Make no mistake: the EC understands that the TPS mean to get Judge Sleet or the Third Circuit to stay confirmation and adjudicate the appeals. If they succeed, the court will look to consolidate the appeals and EC will be forced by shareholders to argue its appeal of the fair and reasonable ruling. This action would NOT violate the settlement because it provides for the appeal to be abandoned AFTER confirmation. Well, since the plan will be stayed, advancing the appeal – even to a ruling – will in no way breach the settlement. By saying nothing in its joinder the EC won’t have to eat words later.
We have to keep in mind that the EC understands perfectly well that the TPS are well-funded and will persist regardless of what anyone else in the case is doing. JPM knows this, too, but it has reached the limits of its power over WMI and the EC to stop TPS. There’s simply nothing WMI can do to stop the TPS. JPM, on the other hand, could stop the TPS by offering to assume them. This would cost JPM no more than $300MM per year in interest, which is far less than the $500MM per year or so it gets from the $10B in mortgages to which the securities were once linked. (If TPS accepted, it would drop its appeal and that would free Judge Walrath to vacate her opinion regarding the TPS securities.) JPM does not want to do this, however, preferring to fight and risk the reversal of the TPS decision (which could cost it the $10B in mortgages or their equivalent), AND the F and R decision, which would certainly be decided simultaneously. Both cases have Stern connections, and the Third Circuit would probably love to adjudicate them. By offering to assume the TPS JPM would take away their incentive to litigate as the assumption of the securities would be a risk-free proposition for TPS, for value that could be sold on the open market for $4B face.
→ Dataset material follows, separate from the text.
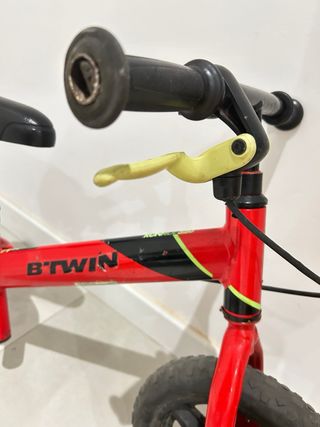 Bicicleta de equilibrio infantil roja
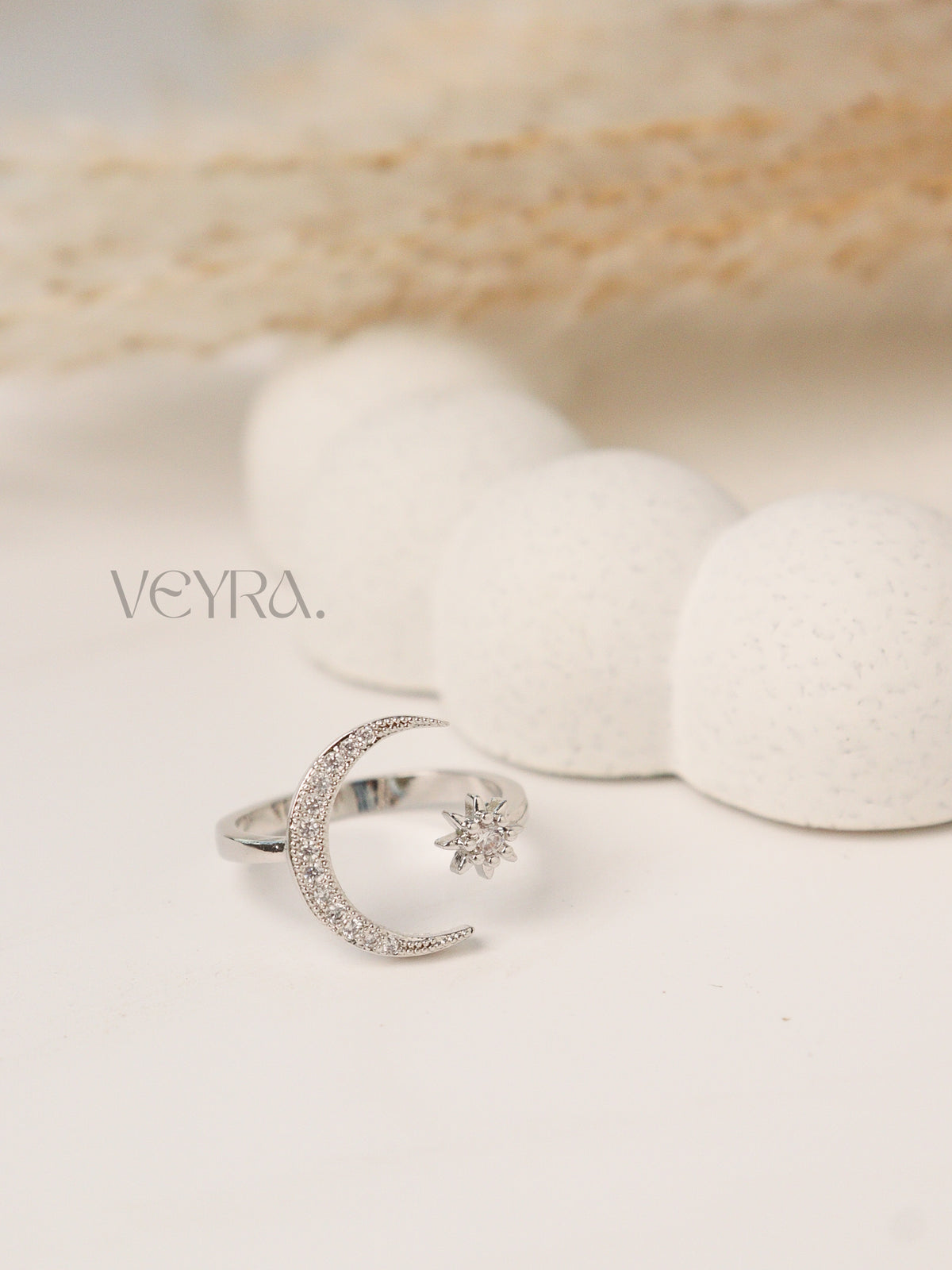 MOONSTAR RING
It speaks to JPM’s rapacity that it is willing to risk losing $10B by fighting an appeal or, worse, having the F and R decision reversed as then it would be exposed to much more liability.
My guess is JPM is in wait and see mode. If TPS succeed in getting the stay, then they’ll probably re-evaluate their options, and a settlement with TPS benefits WMI’s ‘real’ equity, Ps, Ks, and Qs.
The EC’s other pleading in response to TPS’ move the re-classify itself, was a bombshell. By stating unequivocally that the court can reduce commons share from 28.5% to 0%, the EC all but admits that it has abandoned common to the court’s mercy. Of course, that it had done so was obvious in the plan itself (and, frankly, I was shocked common didn’t explode when the plan was released), but any pretense of support for commons ended with that filing.
Next week the fun begins. TPS’ motion for stay will be denied and it will march to Judge Sleet, who will have received shareholder letters and JPM will come out with all its firepower to defeat TPS’ petition. If TPS doesn’t succeed there, it will move to the Third Circuit. It is fighting for at least $4B and at most $10B, and has deep pockets for litigation. We’re along for the ride whether the EC publicly supports TPS or not, and stand to gain big if TPS succeeds.